Beyond giving readers a way to judge your work, reviews provide two things: 1) wherever the reviews are (blogs, Goodreads, Library Thing, etc.), they provide social proof that your book is worth the time of a new reader, and 2) reviews on Amazon feed the algorithms that give your books more visibility, and thus more reach to new readers. I specify Amazon, because the algorithms at the other retailers (Barnes&Noble, Apple, Kobo) are so pitiful that I don’t think reviews actually have an impact on them one way or the other. So, when you’re focused on getting reviews, keep those two objectives in mind: social proof on a given platform, and reviews to feed Amazon algorithms.
How Do We Get Reviews?
The where and how of getting reviews is a constantly evolving thing.

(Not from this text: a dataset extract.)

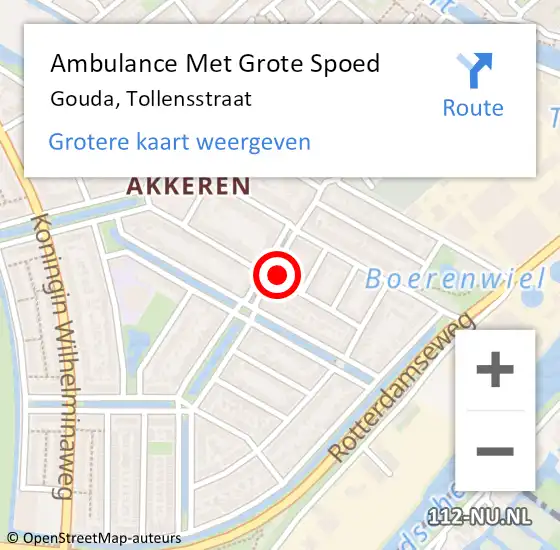 Locatie op kaart van de 112 melding: Ambulance Met Grote Spoed Naar Gouda, Tollensstraat op 15 juni 2024 12:09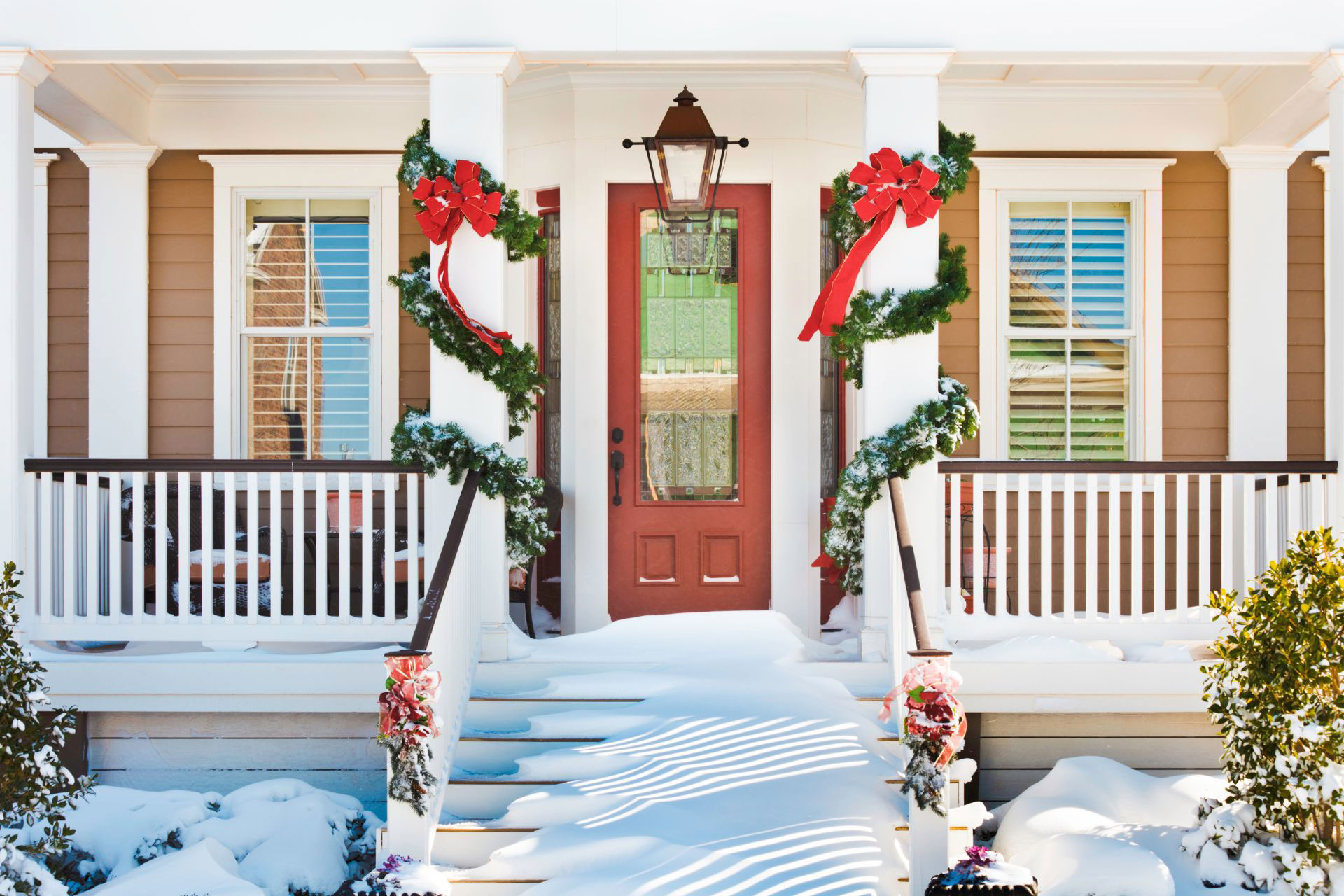 A home with energy-efficient door in the winter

When I first started publishing, individually querying book bloggers was a great (albeit time intensive) way to establish relationships with bloggers and find the ones who would be naturally inclined to like your work (because they only accepted for review books they were at least interested in). Now, book bloggers are overwhelmed with queries because there are simply so many people self-publishing.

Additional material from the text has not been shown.